The journey to accepting my body hasn’t really been a smooth one. Growing up, I wasn’t particularly confident. As a plus-size and curvy girl, you tend to feel out of place – my body type wasn’t the tune thing back then. I just didn’t fit in. I became very self-conscious – I thought my hips were too wide…my bum was too big, and I was on the short side. As a teenager my self-consciousness got so bad at one point that I had to cover up all the time. In the middle of summer, I would wear a light coat to cover up my hips, and people thought I was weird. Clothes shopping was a bit of nightmare, not to talk of shopping for lingerie. Most of the lingerie in plus sizes were quite unattractive; btuneg styles and colours with super thick straps. Later in life, I began to notice and research curvy/plus size models like Tabria Majors, Candice Huffine, Anita Marshall and Ashley Graham – her confidence is incredible! In an industry that is notoriously discriminating about anyone above a size 8, seeing this beautiful and curvy ladies flourish was magical. I was extremely inspired to say the least.
Being in the public eye also had a big impact on my ‘acceptance journey’. I have been bashed and shamed about my body on so many occasions, I can’t even count. The first few times it happened, I was very hurt, because there was always so much venom behind the attacks, and I would be at home in tears thinking what did I do to anyone to warrant this? Unfortunately, this comes with being in the public eye, and I soon managed to get thick skin.

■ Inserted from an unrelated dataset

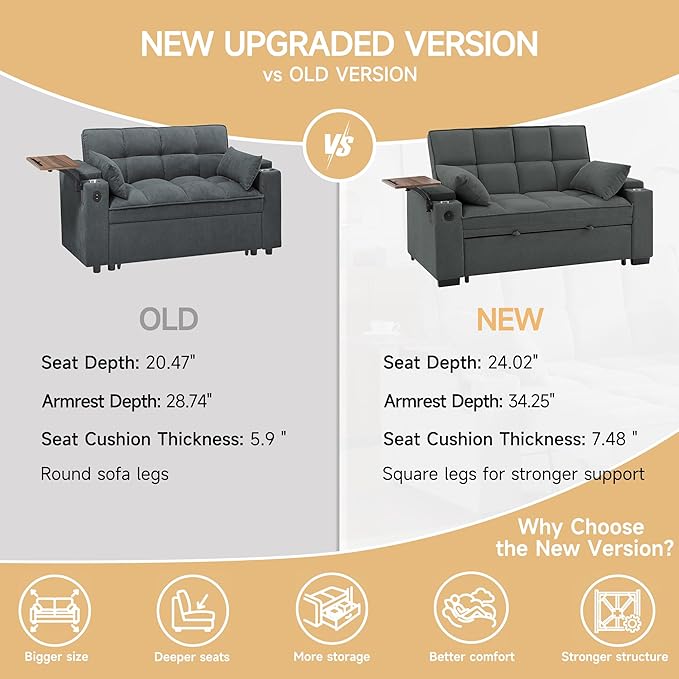 66" Multi-Functional Pull-Out Sofa Bed with Hidden Side Table, Storage Armrests, Built-in Charging Port, Spring Mattress, Solid Wood Frame – Ideal for Small Spaces, Easy Assembly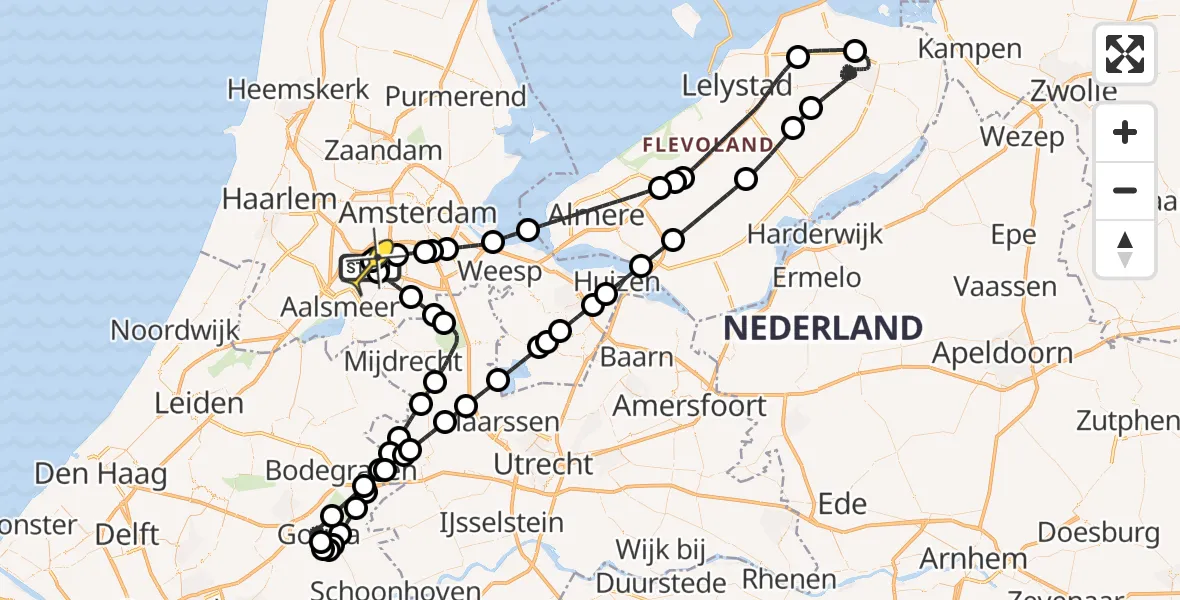 Routekaart van de vlucht: Politieheli naar Schiphol, Schipholdijk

On the positive side, as I got more popular I began getting messages from women who admired me for being one of a few plus size women in the public eye. I would get messages from young women who had contemplated suicide because they looked different, and they were being bullied for that. They would write and say how seeing pictures of me boosted their confidence – making them accept themselves and their bodies. These comments made me realize that my presence and visibility in the industry was having a positive impact on at least a few people.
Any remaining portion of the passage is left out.